- Born: Kristal Anne Reisinger 1987 Phoenix, Arizona, U.S.
- Disappeared: July 13, 2016 (aged 29) Crestone, Colorado, U.S.
- Status: Missing for 10 years, 2 months and 14 days
- Education: Western Colorado University
- Height: 5 ft 6 in (168 cm)
- Children: 1

= Disappearance of Kristal Reisinger =

American disappearance case

Alder Street in Crestone, Colorado

Kristal Anne Reisinger is a resident of Crestone, Colorado who went missing on July 13, 2016. A mother of one, Reisinger relocated to Crestone from Denver in order to achieve enlightenment and sobriety. While in Crestone, she worked at the Crestone Brewing Company. The last known confirmed sighting of Reisinger was on July 13 at her residence in downtown Crestone, but some have claimed to have seen her at a later date. In 2018, the Saguache County Sheriff's Office and the Colorado Bureau of Investigation announced they believed foul play was the cause of Reisinger's disappearance.

==Personal life==
An Arizona native, Reisinger relocated to Denver to be with her aunt amid a difficult childhood. This arrangement became strained, leaving Reisinger as a ward of the court at the age of 15. At this time, Reisinger moved in with her boyfriend's parents, Rodney and Debbie Ervin. Thereafter, Reisinger spent a few years with the Ervins before attending Western State College in Gunnison, where she met her best friend Michael. During the summer vacations from college, she would live with Michael's family. After college she lived with Michael's family and the Ervins.

In 2014, Reisinger moved from Denver to Gunnison, Colorado, teaching a course and taking coursework in psychology and sociology at Western Colorado University. Later that spring, she moved to Crestone in the San Luis Valley.

Reisinger was a very spiritual person with interests in Hinduism, Buddhism, and Native American religion. She also practiced tarotology and claimed to be a clairvoyant and a medium. She has one daughter with her former boyfriend Elijah Guana.

==Disappearance==
The Saguache County Sheriff’s Office was notified of Reisinger's prolonged absence by her landlord, Ara McDonald, on July 13, 2016. Once inside the apartment, investigators found Reisinger's cell phone and medication. Numerous Crestone residents claim to have seen her at the Full Moon Drum Circle gathering the night of July 18, 2016. McDonald and multiple sources claim the last person to have called Reisinger is a local man with a criminal history involving drugging and assaulting victims.

A $20,000 reward has been offered for any information leading to the arrest and conviction of those responsible for her disappearance.

The case was the focus of an episode of The Missing on ID Discovery.

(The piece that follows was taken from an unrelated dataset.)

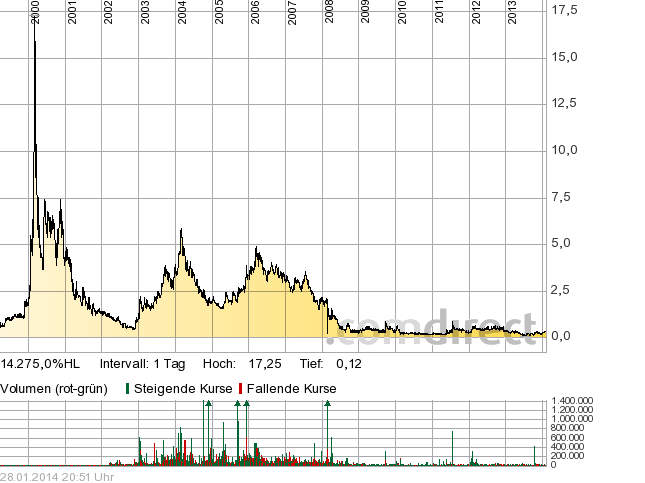 Thermogenesis 688183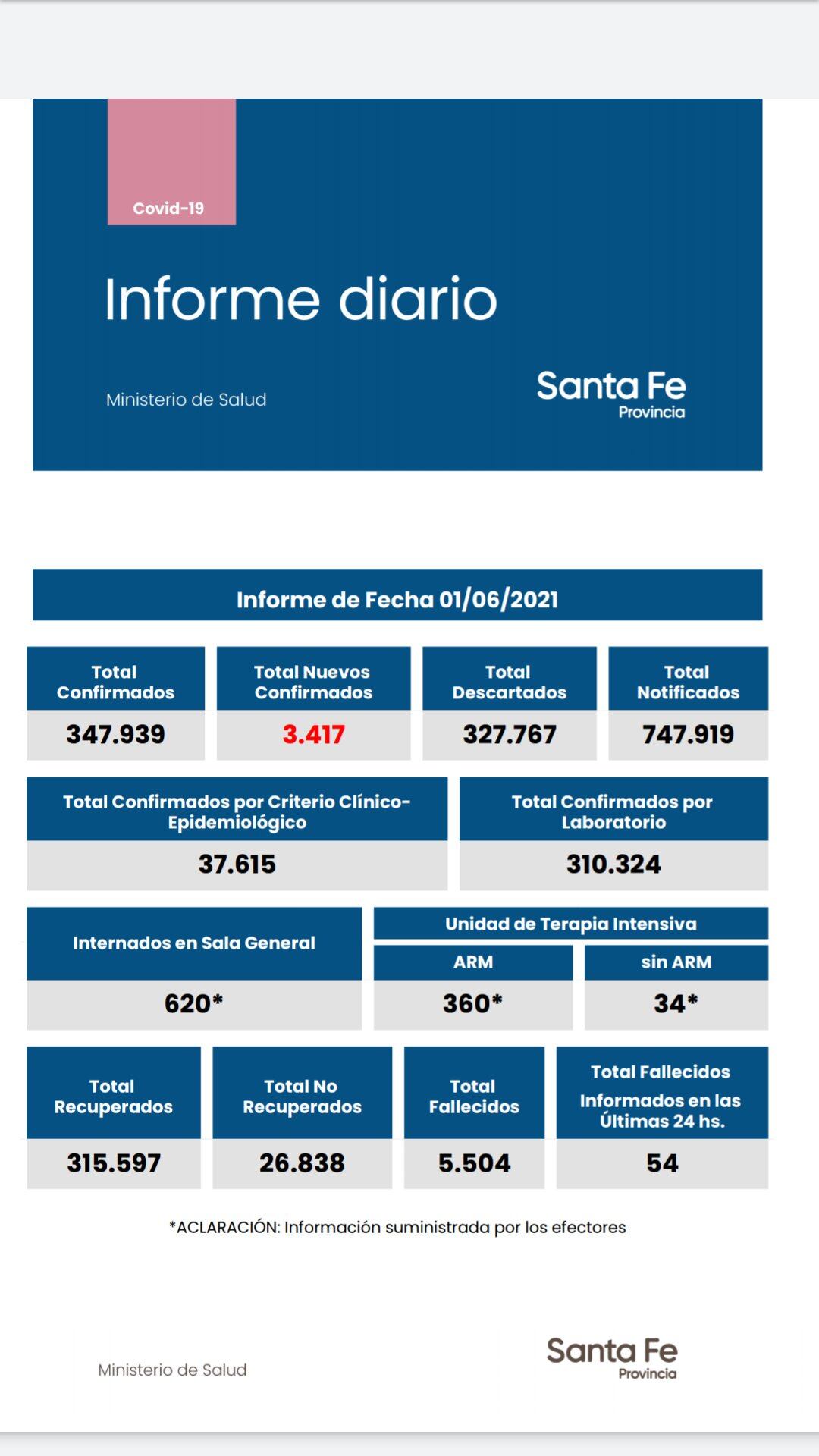 Casos de coronavirus en Santa Fe del 1 de junio de 2021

In 2022, it was reported that pieces of human bones had been found near a campground outside of Crestone. Authorities said early in the investigation that they were not thought to belong to Reisinger. They subsequently confirmed that they were the cremains of a decedent which had been spread by his family.

On August 7, 2025, the Colorado Bureau of Investigations gave their first public update on the case in several years. The agency announced that, the day before, four cadaver dogs were used to search a specific location in Crestone "believed to be connected to the case." The results of the search were not announced but the call for tips from the public was renewed.